Lawrence Knight has toured with his Bowie Experience tribute show all over the UK, to passionate receptions by Bowie fans young and old, and was even lauded by Bowie himself. It seems he has found the balance between imitation and persona, and a dash of good humour that a show like this needs to really take off.
Tonight at Opera House, Manchester, I took my seat in the stalls surrounded by the usual cacophony of excited voices that permeates the theatre air before curtain-up.
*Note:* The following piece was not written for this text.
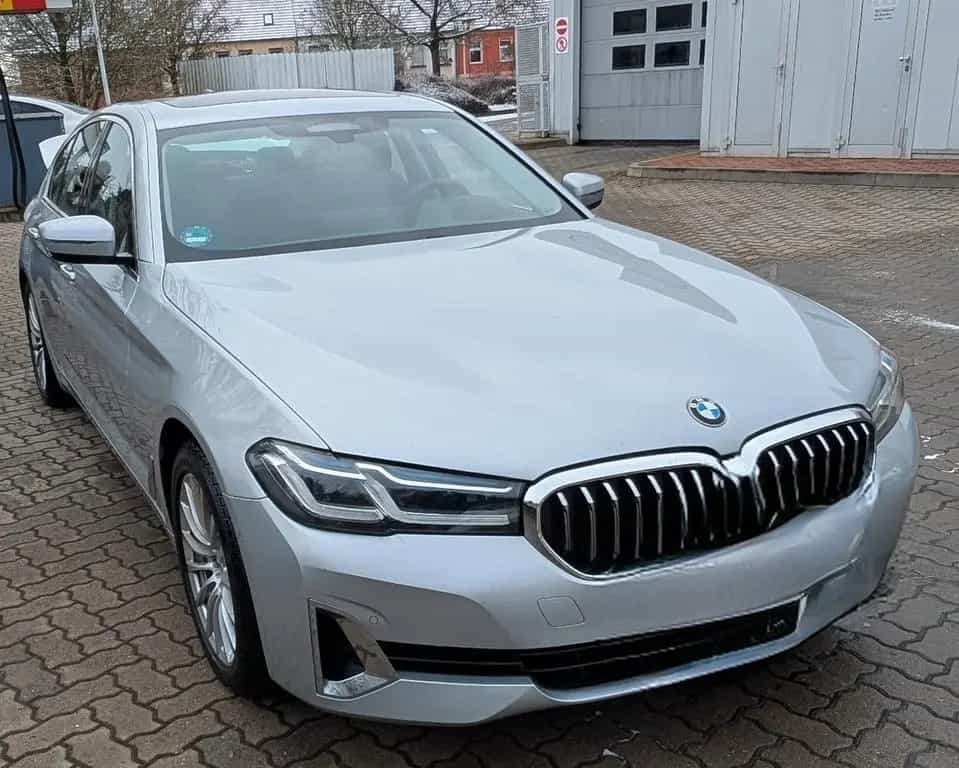 BMW 5 Series 520d - Luxury line facelift voll. 08/2020-photo-0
Nearly 2000 people across four generations were alongside me; from the three venerable ladies two rows in front, dressed up in their jewels and vintage Ziggy Stardust 1972 tour tee-shirts, to the two teenage boys behind me with their parents, asking, “Did you really see the real Bowie, Dad?” The eyes of David seared down on us, miss-matched pupils painted in Technicolor on the banner hung front the ornate proscenium arch; an allusion to the godly figure Bowie has come to be, over his life and since his death.
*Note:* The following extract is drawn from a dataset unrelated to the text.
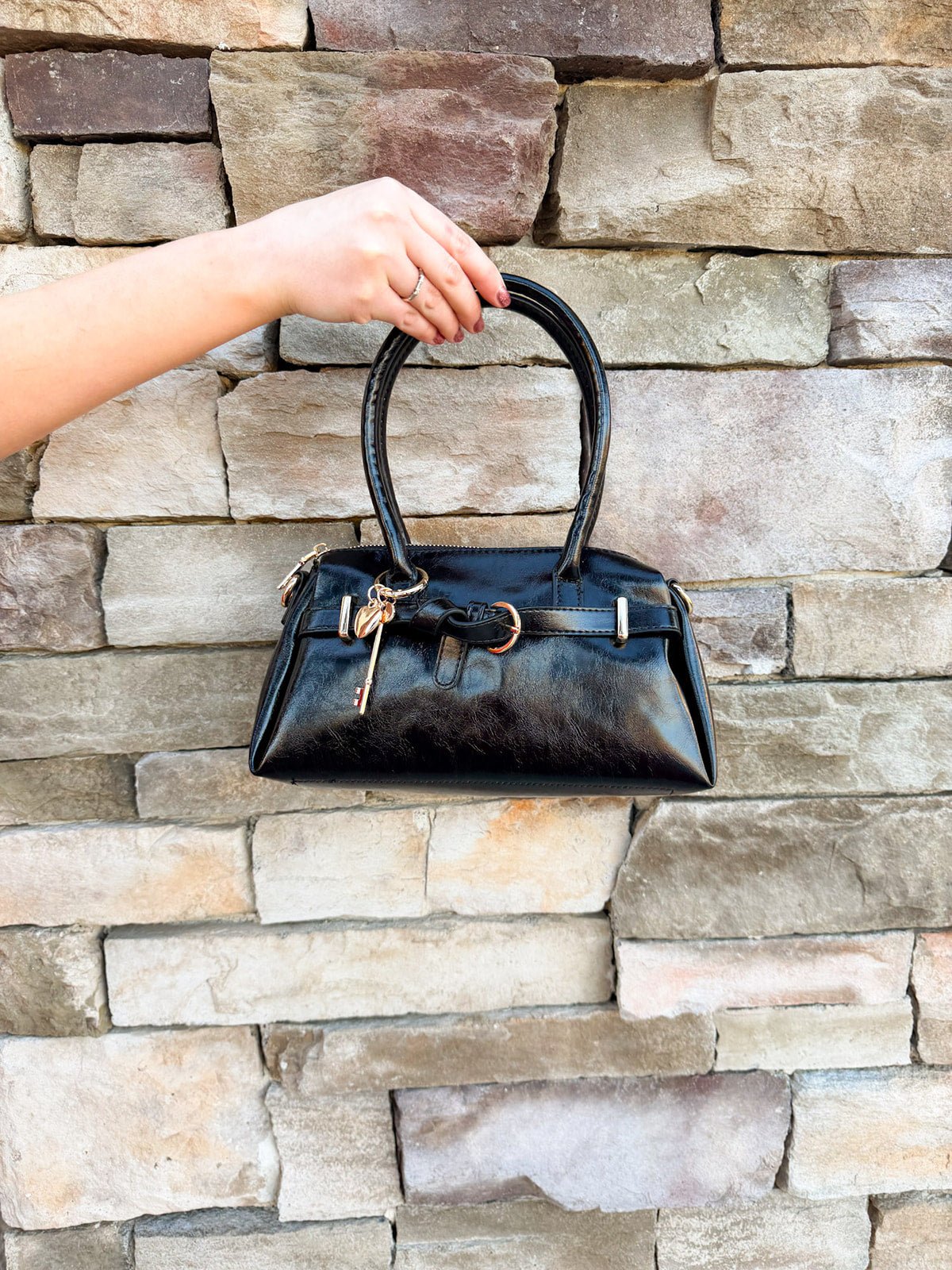 Black Vienna Crossbody Purse - The Pink Pineapple 850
The show started to shrieks and excited clamouring, as Starman filled the atmosphere, and Knight strode on stage, poured into a Ziggy-esq skin-tight multicoloured jumpsuit. His voice is a good likeness to that of Bowie’s, but that isn’t the point. This is more of a celebration of the life and life’s work of the man and legend, than an all out imitation. It is so fuelled by nostalgia, and sheer adoration of Bowie. With a good dose of glitter.
The first half (this reviewers favourite—just about) runs through all the classics and will have you dancing in the aisles before the intermission: Life on Mars? Soul Love, Diamond Dogs, Changes, Jean Genie, and Moonage Daydream to name a few, were blast out and echoed back as the crowd sang along. It was the opinion of the couple from Dublin just in front of me that these show stoppers could have graced a pretty encore, but we weren’t even half way through. What was also interesting was the dramatic display of lights and projections, including the metamorphosis of Bowie throughout the years, showcasing that infamous haircut from his 1972 debut, to his wiser 2000s years.
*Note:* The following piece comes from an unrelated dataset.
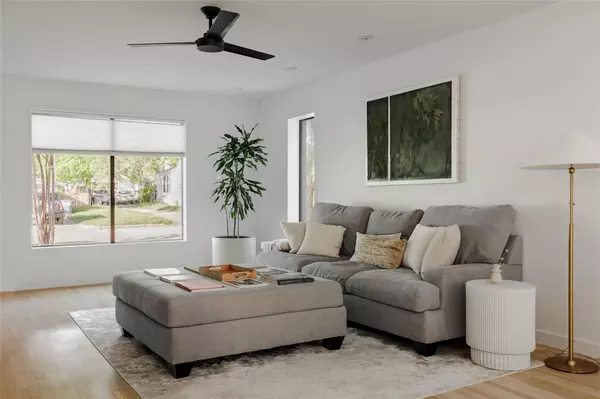 Austin, TX 78751,928 E 54th ST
The second half arrived, and fans may have though they were in a waking dream, as it featured Young Americans, Ashes to Ashes, Let’s Dance and China Girl amongst others, topped only by Heroes, Under Pressure, sung alongside the talented Charlotte Elizabeth Talbot. Talbot played percussion and sang backing vocals throughout the show, until she unleashed high-notes we only thought achievable if your name was Freddie.
The band are made up of seasoned professionals who remain dutifully faithful to the man they revere enough to dedicate two and a half hours nearly every other night to, with great performances all round by Emily Westwood on saxophones, Tim Wedlake and Darren Jones on guitars, James Stead and Stuart Darling on keyboards, Lidia Close on bass guitar and Paul Gill on drums. There were a few appearances by costumier Amy Knight, who colourfully recreates the innumerable different styles of Bowie, with much attention to detail. I don’t know quite how many costume changes there were (quite a few) but all were much appreciated by the adoring crowd and executed without any absence being felt.
Overall, the performance is one that is exceptionally well rehearsed and very enjoyable, catering to the nostalgia of a late, great man whose career and, some like to think, soul, touched millions over the near half-century in which he fuelled our imaginations and inspiration.